Düsseldorf (epd). Die tariflich geregelten Vergütungen für Auszubildende weisen je nach Branche und Region weiterhin sehr große Unterschiede auf. Die Bezüge der Lehrlinge reichen derzeit von 325 Euro pro Monat im thüringischen Friseurhandwerk im ersten Ausbildungsjahr bis zum Betrag von 1.580 Euro im westdeutschen Bauhauptgewerbe im vierten Ausbildungsjahr, wie das Wirtschafts- und Sozialwissenschaftliche Institut (WSI) der Hans-Böckler-Stiftung am Montag in Düsseldorf mitteilte. Untersucht wurden 20 Tarifbranchen.
In den ostdeutschen Tarifgebieten der Floristik (425 Euro) und des Friseurhandwerks (Thüringen: 325 Euro) bleiben die Vergütungen laut WSI weiterhin unterhalb der gesetzlichen Mindestausbildungsvergütung, die bei 515 Euro im Monat liegt und am 1. Januar in Kraft getreten ist. Nach Ansicht des Leiters des WSI-Tarifarchivs, Thorsten Schulten, "funktioniert das Tarifvertragssystem bei der Festlegung der Ausbildungsvergütungen in großen Teilen der Wirtschaft recht gut".
Die Mindestausbildungsvergütung sei vor allem dort nötig, wo keine Tarifverträge existieren, sagte Schulten: "Allerdings besteht beim Niveau durchaus noch Luft nach oben." Für tarifgebundene Unternehmen gilt der Tarifvorrang im Berufsbildungsgesetz auch gegenüber der Mindestausbildungsvergütung, so dass die Tarifpartner die Möglichkeit haben, diese zu unterschreiten.
Schulten sagte, gerade in den traditionellen Niedriglohnsektoren müssten sich die Unternehmen überlegen, wie sie die Arbeit aufwerten können, um auch zukünftig noch genügend Auszubildende zu gewinnen: "Hierbei sollte die Corona-Krise nicht als Ausrede verwendet werden, um notwendige Anpassungen weiter hinauszuschieben."
Der Erhebung zufolge liegen die Vergütungen im ersten Lehrjahr in fünf großen Tarifbranchen oberhalb von 1.000 Euro pro Monat.
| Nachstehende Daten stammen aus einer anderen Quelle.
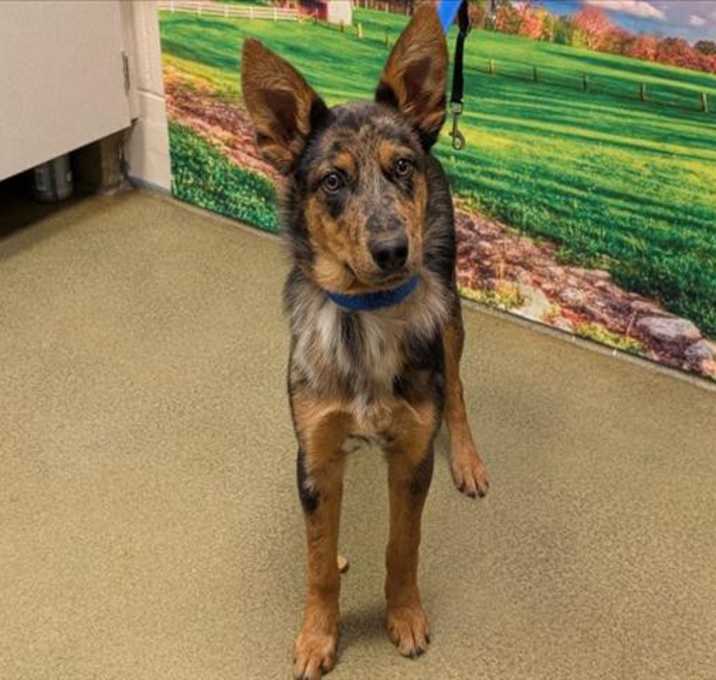 Photo of URGENT! SHELTER IS FULL
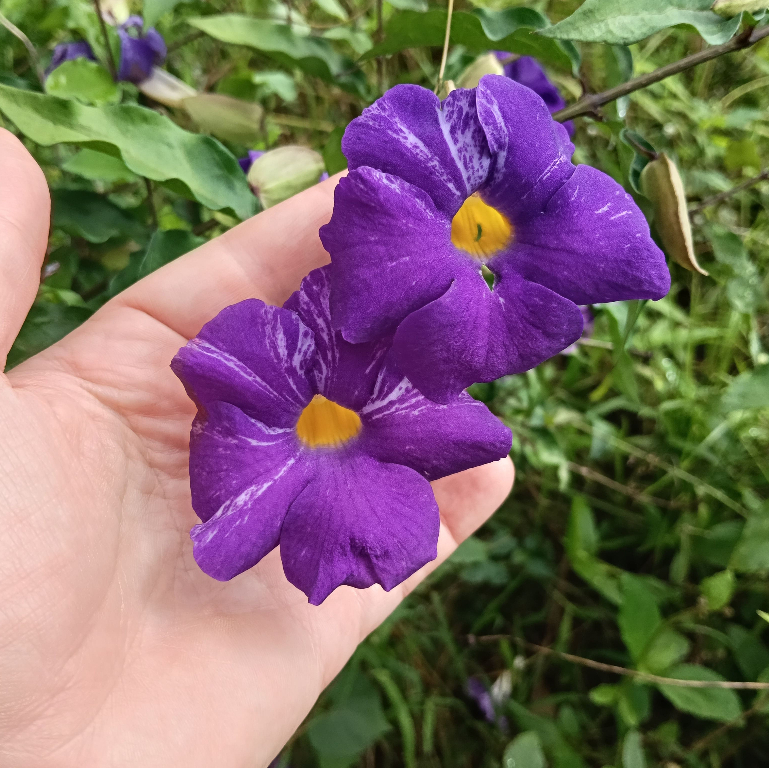 Bibit stek cutting bunga thunbergia 20 cm tanaman hias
Hierzu gehört auch der öffentliche Dienst. Das gelte auch insbesondere für Auszubildende in Pflegeberufen, die im ersten Ausbildungsjahr bei Bund und Gemeinden 1.141 Euro und bei den Ländern 1.161 Euro pro Monat erhalten. Während in weiteren drei der hier untersuchten 20 Tarifbereiche (Deutsche Bahn AG, Druckindustrie und Textilindustrie in Baden-Württemberg) die Ausbildungsvergütungen zwischen 900 und 1.000 Euro liegen, bewegen sie sich in der Mehrzahl der Tarifvereinbarungen zwischen 700 und 900 Euro.
Ähnlich große Unterschiede zeigen sich auch im weiteren Verlauf der Lehre. Im dritten Ausbildungsjahr variieren die Vergütungen zwischen 1.475 Euro im westdeutschen Bauhauptgewerbe und 465 Euro im thüringischen Friseurhandwerk. In etwa drei Viertel aller untersuchten Tarifbranchen wird dabei im dritten Ausbildungsjahr die 1.000-Euro-Schwelle überschritten.